All the same, there are two ways to interpret his words. Yes, the justice system belongs to us all. But the justice system does not belong to all of us. The system that obtains belongs to those who have been ordained in its hierarchy.
SRLs both need and want expert help. We want the justice we have been told is available to everyone. We want to do whatever is needed to access justice. We want to be able to present our facts, present our version of what those facts mean, and have a decision that is just. Or at least fair, understandable and explainable.
SRLs don’t want to join the system. They do not want to devote our scarce time to performing brain surgery on ourselves, twisting our minds according to the needs of the system. We want the system fixed so that no one else has to endure what we have.
Can Insiders Work for Change Inside the System? Julie’s story
I (Julie) have spent most of my adult life trying to figure out the balance between advocating for change from within, and pressing for change from outside an institution or system. I have spent 35 years teaching in law school, and from the very first day I wanted to radically change how we train lawyers. Much of my work has focused on this.
I still believe that my influence and ability to push for change is enhanced by the status I hold inside the system. But of course that buys into the points that Jeff and I are making here – that the system privileges those with that insider status. It has made me uncomfortable for 35 years. Yet it has also allowed my work to have some impact.

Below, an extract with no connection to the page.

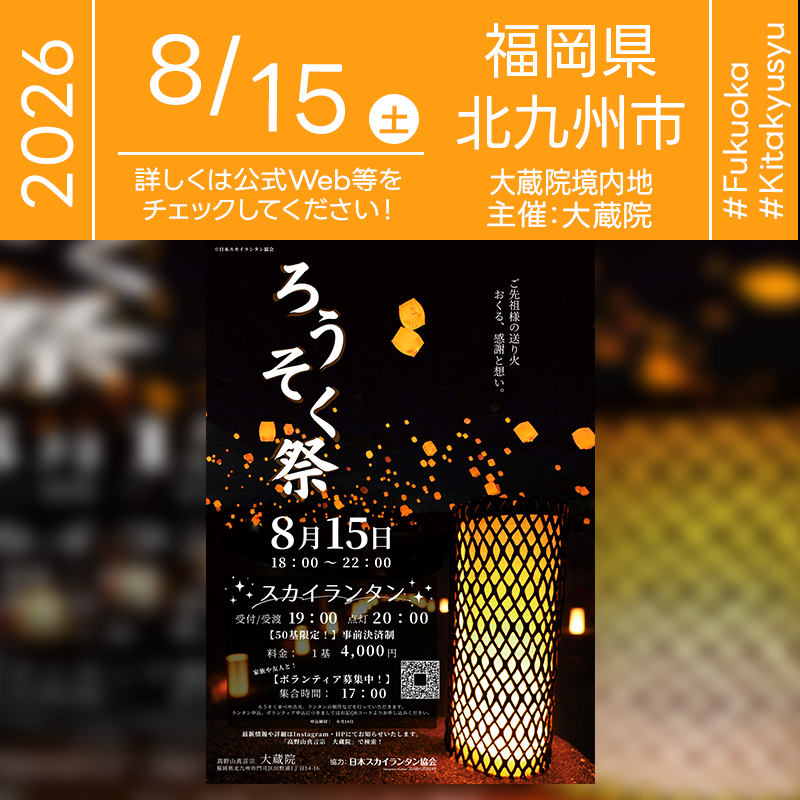 2026年8月15日（土）福岡県北九州市門司区 高野山真言宗 大蔵院「ろうそく祭」（主催：高野山真言宗 大蔵院）が開催されます🎊
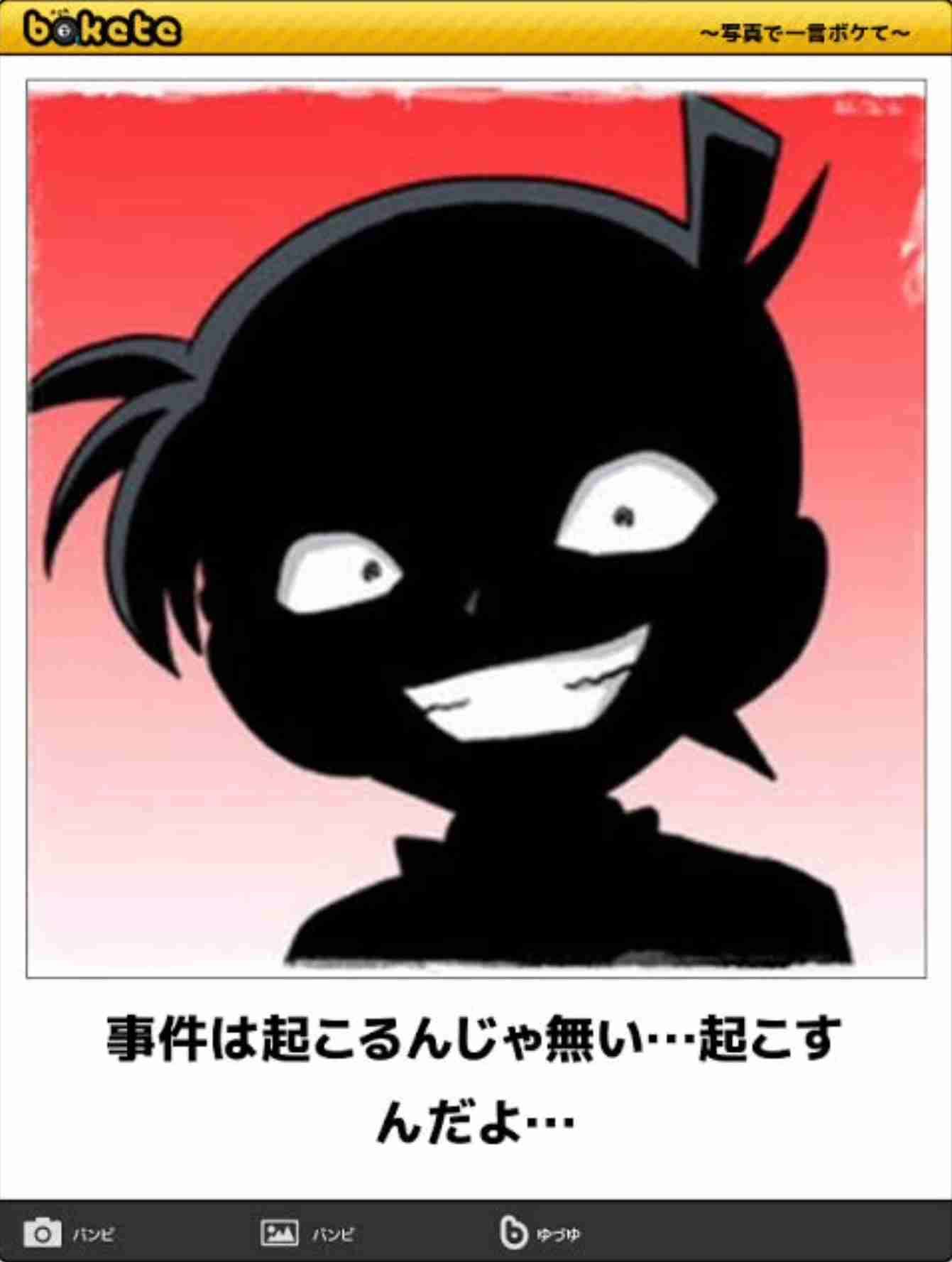 オススメのコナン映画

Along with all those law students, lawyers, judges and third-sector workers and advocates who have stepped up to advocate for A2J, I am part of the system. As we assist SRLs, we are imparting the secrets of the arcane, teaching SRLs how to “play the game”, moving them towards initiation, and offering them standing space in the cold, dark corners of the halls of justice. But they are still cold, dark corners. And this is emergency critical care, band-aid solutions. Much better than nothing but not a strategy or a plan for real system change.
A2J advocates need to ask ourselves: am I working towards justice, or just propping up the system? Am I defending elitism or striving to end it? Am I offering “poor SRLs” a paternalistic pat, or are we keeping our eyes fixed on the prize: radical system overhaul?
Respecting one another
Systemic change – to the professional culture, the processes and the social meaning – of the justice system is inevitable. The number of people coming to court without lawyers has grown to astonishing proportions. More than half of family litigants across the country and a third of civil and appellate litigants are self-representing because they cannot afford, or continue to afford, legal assistance. SRLs see online information as giving them entry to a previously well-guarded system.

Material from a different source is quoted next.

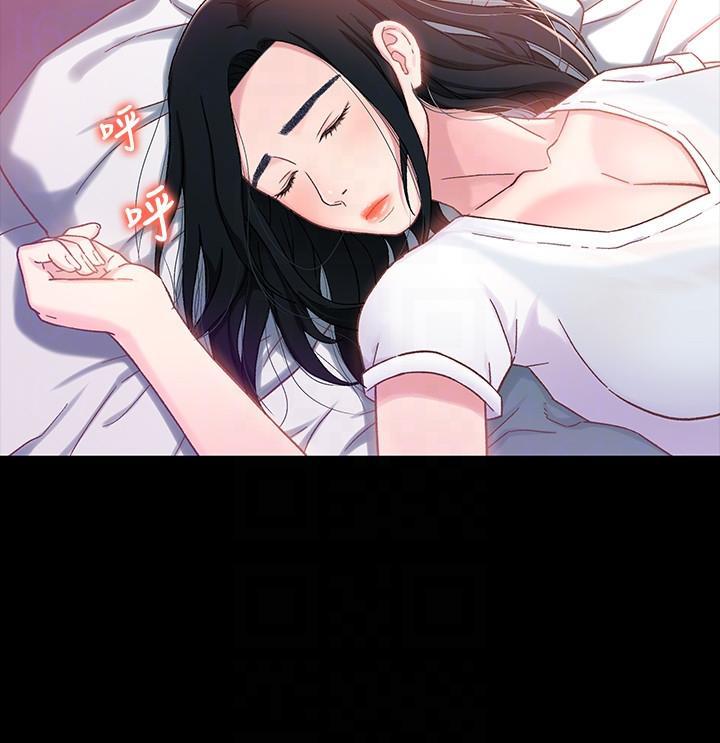 兄妹关系韩漫全集-第4话-转眼间变成大人的小橘无删减无遮挡章节图片 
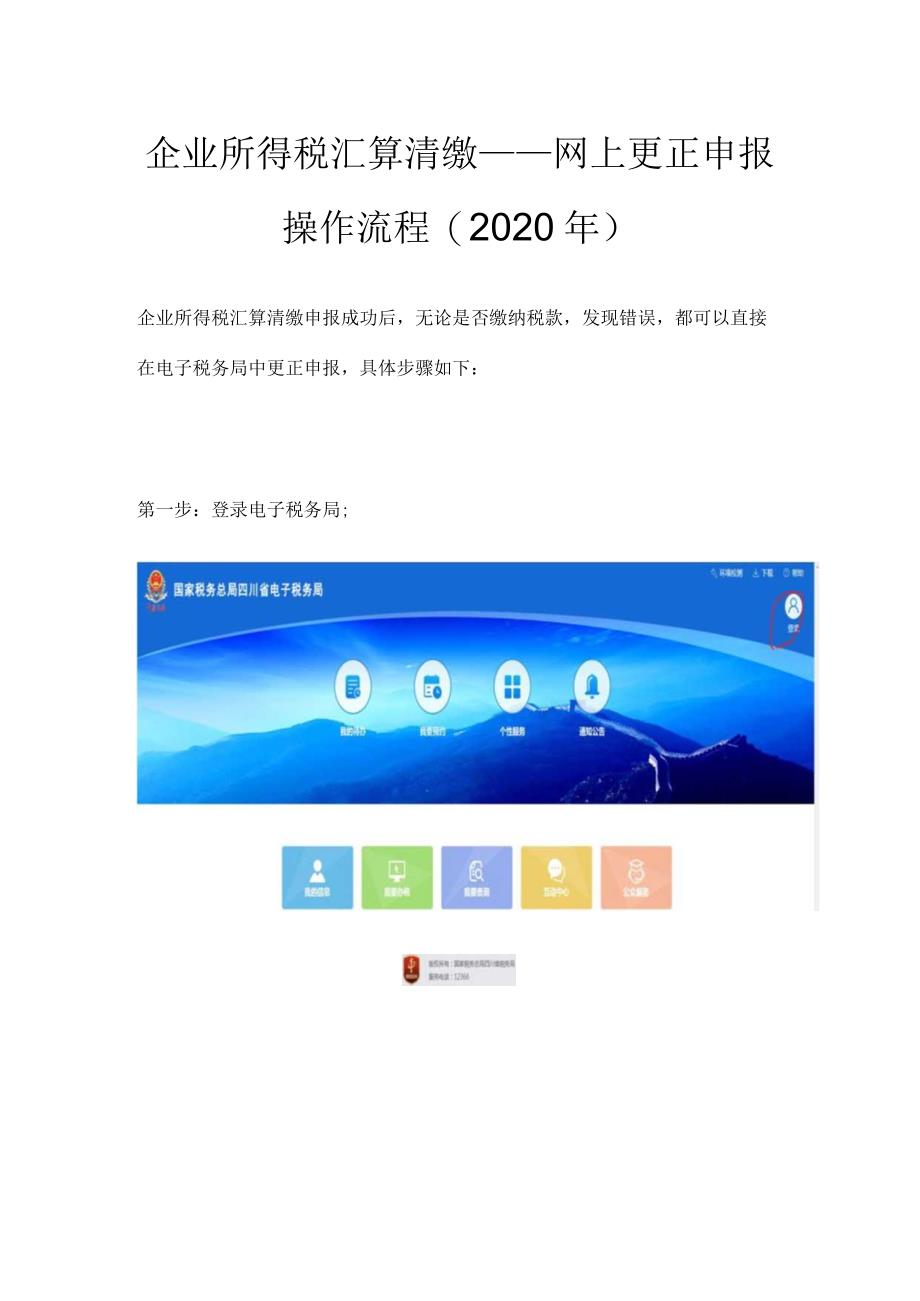 企业所得税汇算清缴——网上更正申报操作流程(2020年).docx_第1页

The profession is going to have to deal with its twin preoccupations of exclusivity and profit-making. They make difficult bedfellows, especially when “public interest” is added to the equation. SRLs accept they may lose, but they won’t just go away. Courts are being forced to deal with SRLs, and some of the recent jurisprudence highlights the battlegrounds: do we offer the public procedural fairness, or do we punish them for daring to imagine that they could do without lawyers?

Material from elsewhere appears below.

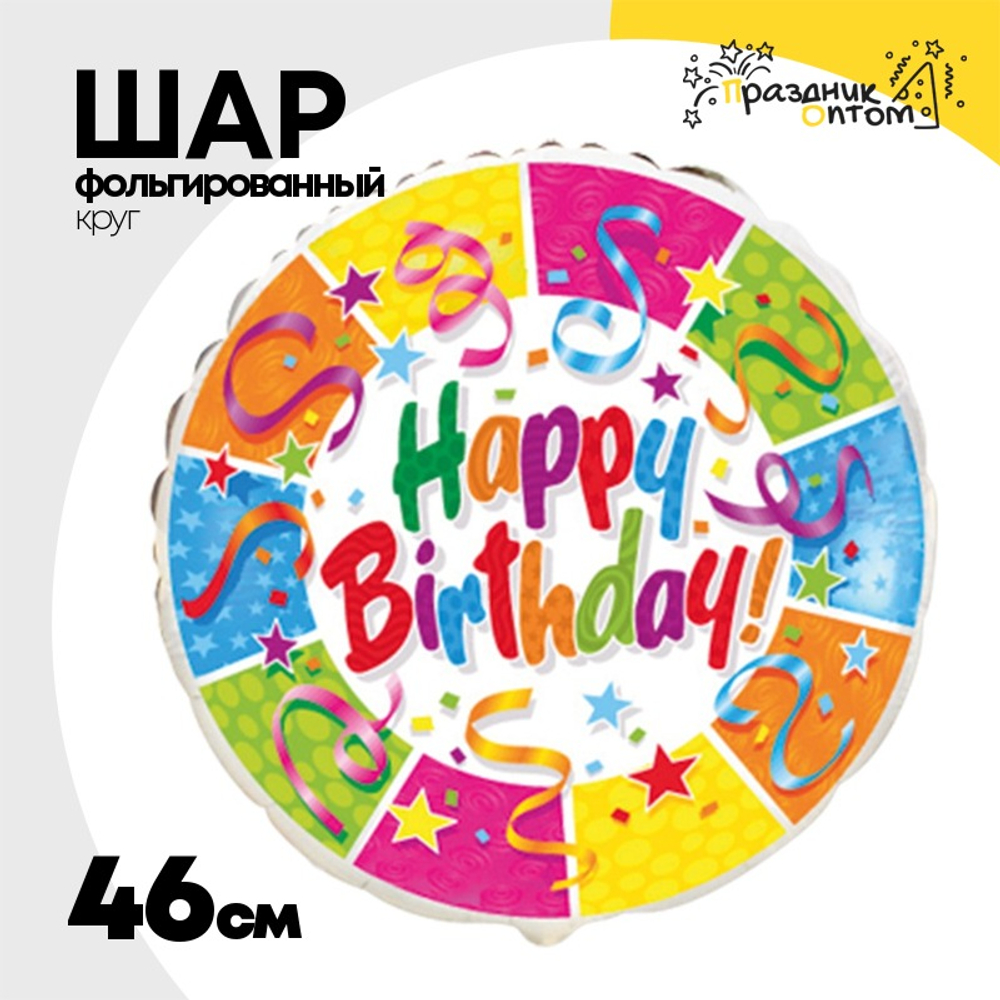 Шар Фольгированный Серпантин и звезды (Ассорти)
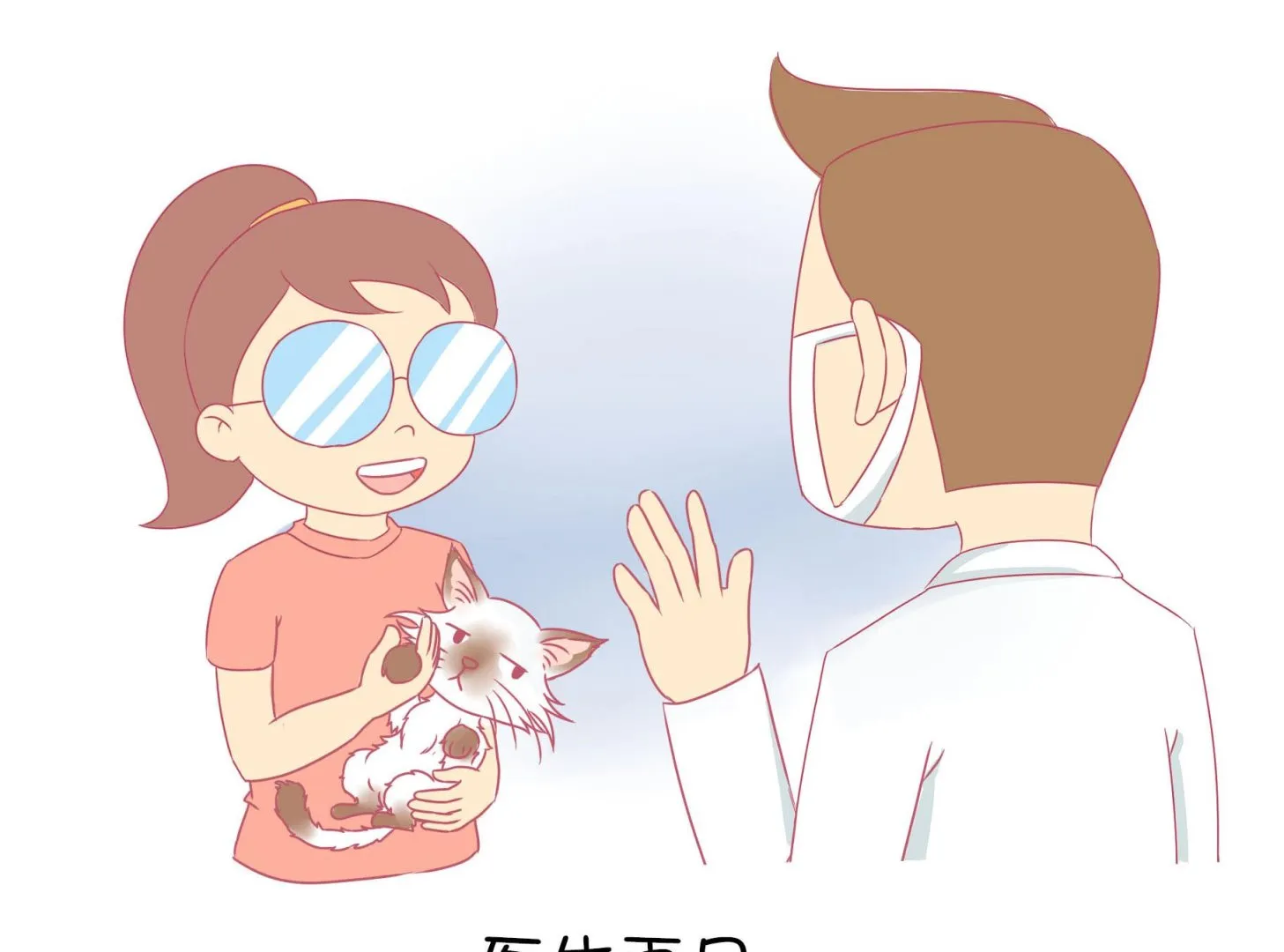 第11话 梦中还是现实 第40页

It is too late now for insiders to shout all-hands-to-the-barricades; the bastion is already infiltrated. Those stubbornly defending the old ways may hold out for a while, but they will go down, as those who refuse to adapt always do. Change offers opportunity for those who seize it. There is room for both insiders and outsiders, respecting one another’s perspectives and experiences, to argue for change and bring justice back to the justice system.